Humble fare done right at Greedy Pig


Thursday, April 3rd, 2008

Indie music on the side adds to the relaxed mood

Mia Stainsby
Sun

Greedy Pig co-owner Allison McKinnon with a glass of wine. Photograph by : Steve Bosch, Vancouver Sun

It has the ring of gourmandizing, being scolded and taunted all at the same time. Greedy Pig is a friendly neighbourhood noshery, a wonderful blend of great indie music (live as well as recorded), delicious comfort foods and easygoing attitude.

Patrons are models of street hip. The guys are in an assortment of hats — a toque, a backward newsboy cap, porkpie. There’s a loud, striped necktie knotted loosely around someone’s neck. And over there, a Cowichan sweater. And maybe not such a great trend, if it is one, is the pipe-smoking (goin‘ on outdoors) — like 1950s dads.

I mentioned the music. Owners Allison and Cameron McKinnon not only are vets in the restaurant industry working in various capacities in the front-of-house at Brix and Il Giardino, they’re also musicians. She sings and plays guitar and piano. He plays multiple instruments in a rock band called Old Ripper. To move along the relaxed mood, there’s a tight but nice selection of beers and wines, too.
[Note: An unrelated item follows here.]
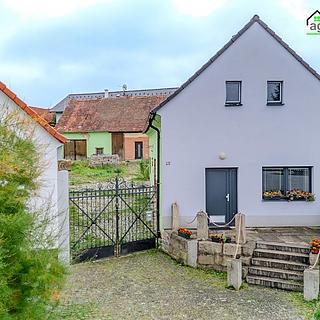 Prodej rodinného domu 305 m&sup2; Holýšov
From the food perspective, first of all, Greedy Pig offers a nice selection of charcuterie plates. Not too long ago, the idea of salami and cheese wasn’t exactly a gourmet turn-on, at least in North America. All of a sudden, it’s cool — or should I say, hot.
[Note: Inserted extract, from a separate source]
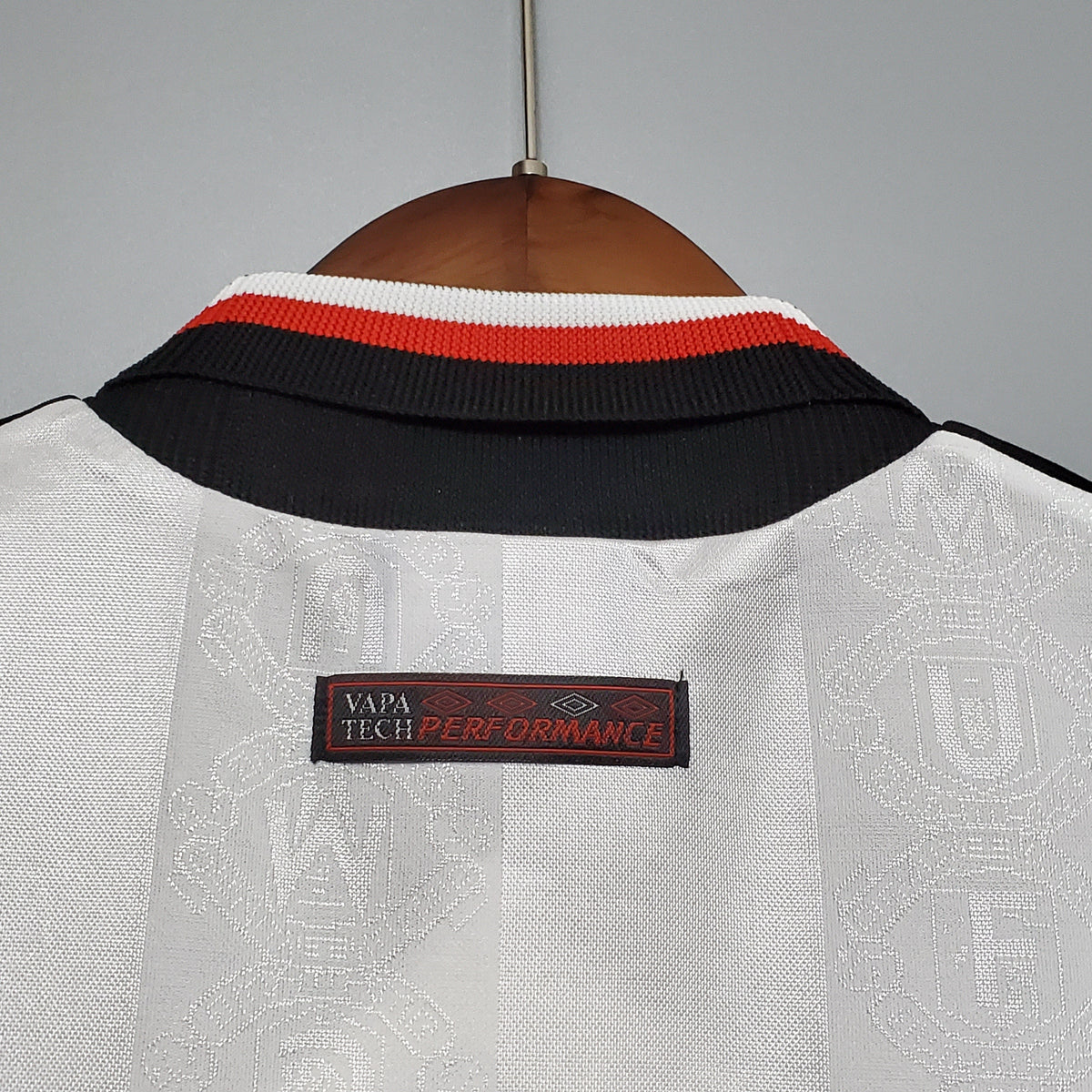 MANCHESTER UNITED I 97/98 HOMBRE (RETRO) - Vitrine Futebolística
It started with great product from local companies like Oyama Sausage on Granville Island Public Market and JNZ on Commercial Drive and took off from there. Chefs began plating them temptingly (cut transparently thin) and serving them with scrumptious cheeses and condiments. Restaurateur Sean Heather was first off the blocks with his inspired charcuterie love-in called Salt; edgily, he located his contemporary homage to cured meats and cheeses and wine just off needle-strewn Blood Alley. Other restaurants followed suit but not in quite the dramatic fashion; for instance, Soma, off Main, offers a nice charcuterie but it’s an option.

So, too, at Greedy Pig. It offers an $18 Butcher’s Plate, where you select two cheeses and three cured meats that come with salsa verde, pear rum compote, grapes and baguette slices. There’s also a foie gras paté plate, a Bresaola plate, a country paté plate ($10 to $16).
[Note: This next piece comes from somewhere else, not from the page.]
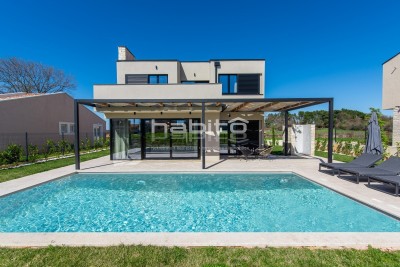 Krnica - Luksuzna Vila s Bazenom na Mirnoj Lokaciji Blizu Mora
But there’s more than cured meats and cheeses. The kitchen is not much larger than a chef’s wing span, so there’s not a lot of fancy cooking going on. However, the humble fare of panini, soups, salads and stews is affordable and made with local ingredients.

The McKinnons had friend Sean Sylvestre, who until recently was sous chef at Cioppino’s, develop the menu and then hired former Cioppino prep cook Neil Hiltz to man the kitchen.

I tried a couple of panini — duck confit with sour cherries and bitter greens and the pulled pork with fennel and apple slaw. Both were delicious. The Prairie Stew, a long-simmered beef stew in dark stout, had lots of tender meat and deep, rich flavour. There’s only one dessert so far, a rum rice pudding that was tasty enough to order twice. There will be more desserts soon.

Allison, who’s in charge of the wines, has put together a nice selection and the mark-ups are lower than average. The Caymus Conundrum, I found, is delicious and a great cheese pleaser.

If there’s improvement required, it’s the lengthy wait for food. We seemed to be the only table waiting and yet it took an inordinate amount of time to deliver the simple-to-prepare dishes.

THE GREEDY PIG

Overall: 3 1/2

Food: 3 1/2

Ambience: 3 1/2

Service: 3 1/2

Price: $/$$

307 West Cordova St., 604-669-4991. www.thegreedypig.ca. Open Tuesday to Saturday, noon to midnight.

Restaurant visits are conducted anonymously and interviews are done by phone. Restaurants are rated out of five stars.